The Lands Authority is legally bound to inform “the commissioner of police and the minister” if any irregularity constitutes a criminal offence but despite the court’s decision to annul the exchange of property in the controversial Gaffarena deal the police have not taken any criminal action.
Before the courts revoked the deals made by the Lands Department that saw Marco Gaffarena given parcels of government land in exchange for the requisition of a Valletta building, the National Audit Office (NAO) had said there was collusion between government officials and Gaffarena.
According to the repealed Lands Act and the new Lands Authority Act the commissioner of police is obliged to arraign all the persons who appeared on the deeds which were declared null.

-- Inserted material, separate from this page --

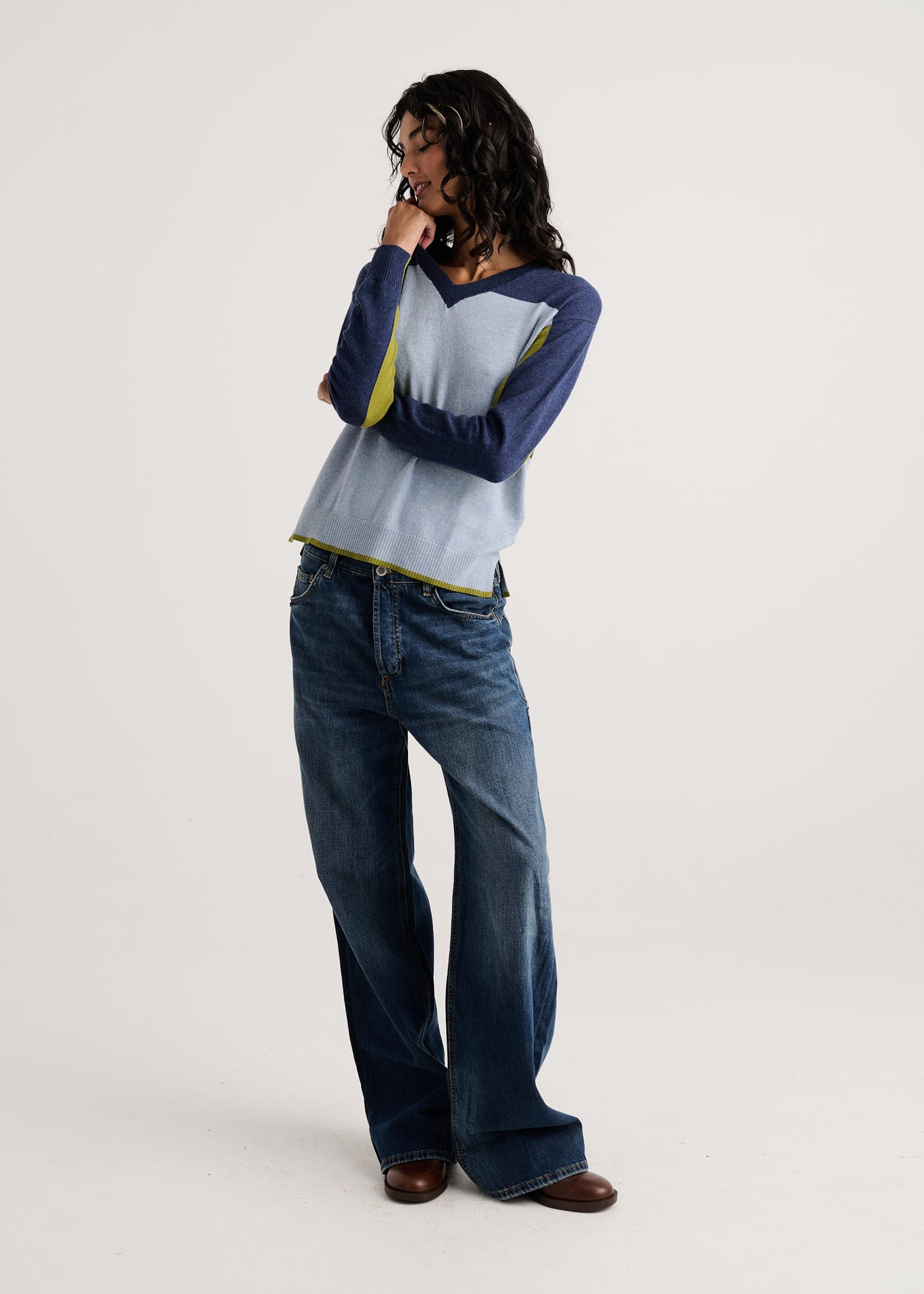 Color Theory V Neck Sweater in Jean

The previous law, which was in force when the controversial deals were made in 2015, states that “proceedings for an offence under this Act shall be taken by the Police decided by the Court of Magistrates as a court of criminal judicature.”

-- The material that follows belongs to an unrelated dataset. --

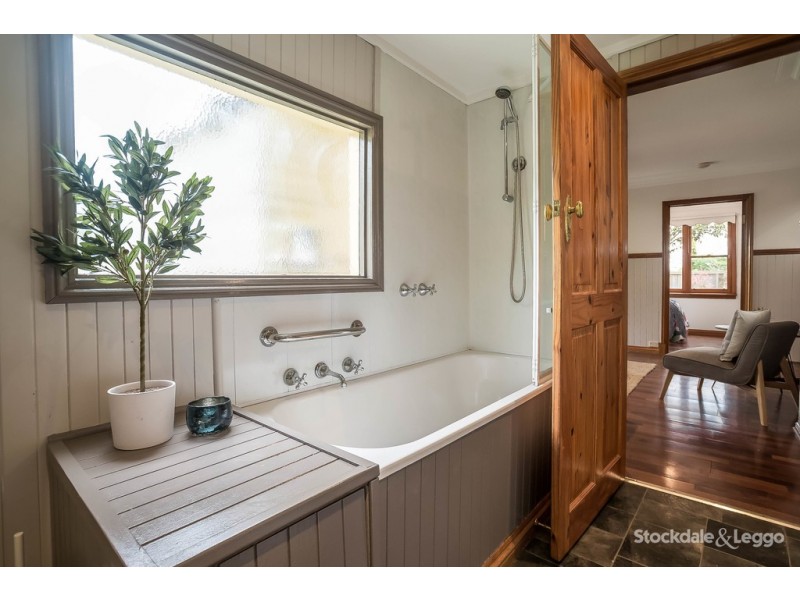 3 Vika Avenue, Monbulk VIC 3793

The new Lands Authority law which came into force in 2017 also makes it clear that “whenever, and as soon as, the Chief Audit Officer firmly establishes the existence of suspected cases of irregularities and, or suspected cases of criminal offences concerning the responsibilities of the auditee under review, the Chairperson of the Board shall, if the Chief Audit Officer is of the opinion that the irregularity, if proved, would constitute a criminal offence, immediately inform the Commissioner of Police and the Minister.”
Following the court decision, the police – who can initiate criminal proceedings based on information of any criminal activity – have not taken any action against Gaffarena and the land he was given has not yet been returned to the State.
Two contracts were struck down by court which included a 6,000 square metre parcel of land in Ta’ Kandja, Siġġiewi, which was overvalued by €615,000, and another parcel of land in Naxxar, measuring 5,000 square metres which was overvalued by €467,000. This land should be returned back to the public unless the court’s decision is reversed at the appeal stage.
Dismissing the revocation as an “exercise founded on a political basis” Gaffarena has indeed filed an appeal, arguing that the judgment is null because it was given regarding an entity – the Commissioner for Lands – that no longer existed by the time the judgment was handed down.
Moreover, a Sliema house which was part of the €3.4 million cash-and-land deals the government paid Gaffarena was demolished after the court struck down the deal.
Questions sent to the Attorney General on whether government intends to take any criminal action against Gaffarena or anyone involved in what the NAO described as collusion remain unanswered.
The scandal was revealed by The Shift News journalist Caroline Muscat who at the time was a senior journalist for The Times of Malta in 2015. The government had paid €1.65 million for part ownership of the Valletta property that Gaffarena had bought for a fraction of the price just weeks earlier.
The investigation stopped the transfer of millions more and protected the families owning the property from further exploitation. Gaffarena had acquired parcels of land as part of the deal equivalent to the size of more than 10 football pitches – the total estimate of the deal that at that point had managed to go through was €3.4 million, in cash and parcels of land, to Gaffarena.
In its judgment, the court concluded that the government had acquired part of the building which is owned by all owners but only compensated one owner so it deemed the contracts invalid. This is in line with conclusions in the NAO report that compensation should have been proportionally paid to all the co-owners.
The six government properties and parcels of land which Gaffarena got in exchange for part of a building in Valletta were overvalued by €1.8 million, the court confirmed in its judgement.